Aim of the task
Write down the listing again exactly as it appears below, without its pictures.

───── Data segment ─────

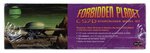 FORBIDDEN PLANET C-57D STARCRUISER FACTORY SEALED MODEL KIT BY POLAR LIGHTS.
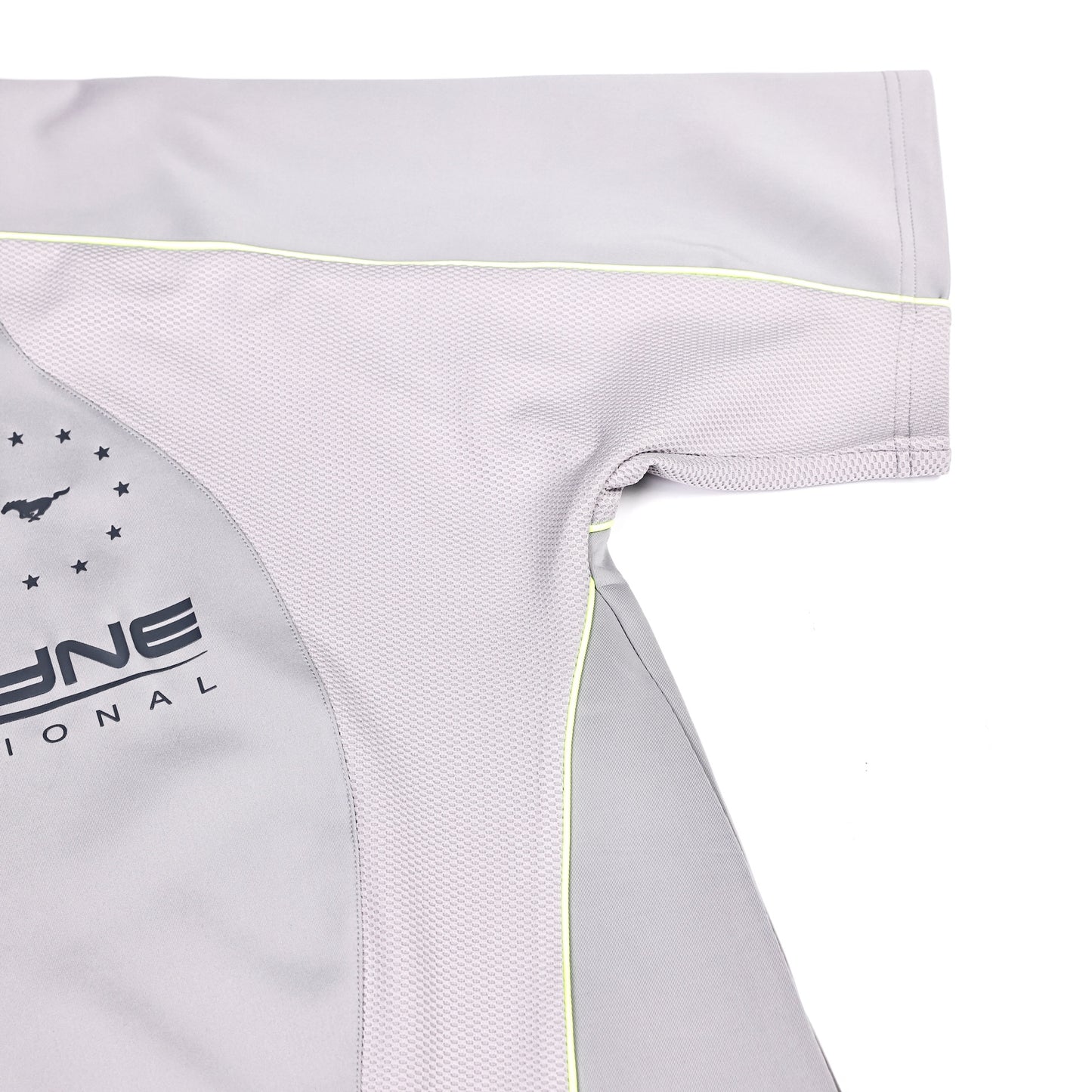 SOCIETY | Aerodyne Int Aero Jersey Light Grety - SWAGANZ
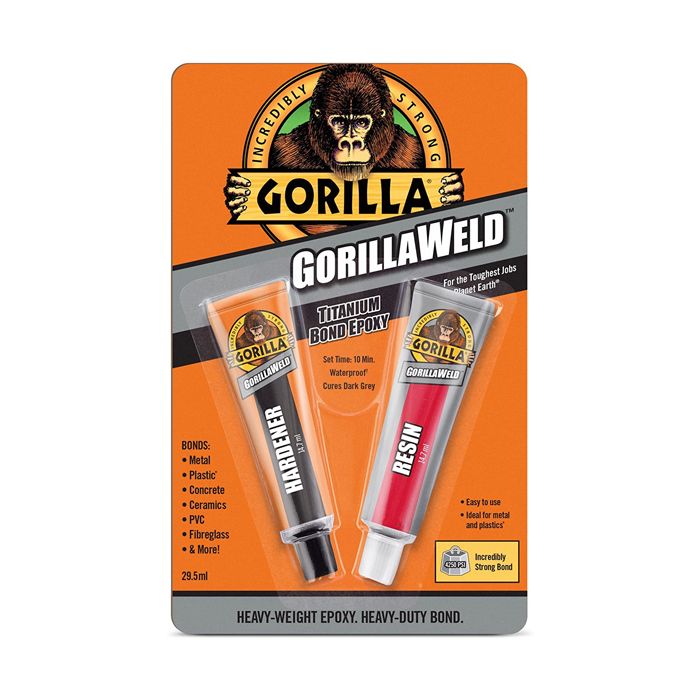 GORILLA GGWELD WELD TITANIUM BOND EPOXY 29.5ML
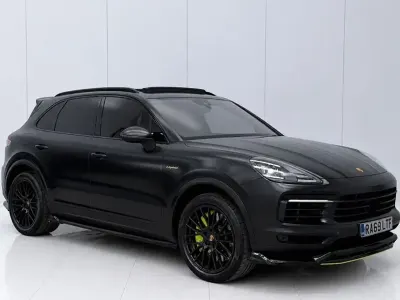 Usado Porsche Cayenne S E-Hybrid 2019 SUV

─────

Exercise answer
 FORBIDDEN PLANET C-57D STARCRUISER FACTORY SEALED MODEL KIT BY POLAR LIGHTS.
 SOCIETY | Aerodyne Int Aero Jersey Light Grety - SWAGANZ
 GORILLA GGWELD WELD TITANIUM BOND EPOXY 29.5ML
 Usado Porsche Cayenne S E-Hybrid 2019 SUV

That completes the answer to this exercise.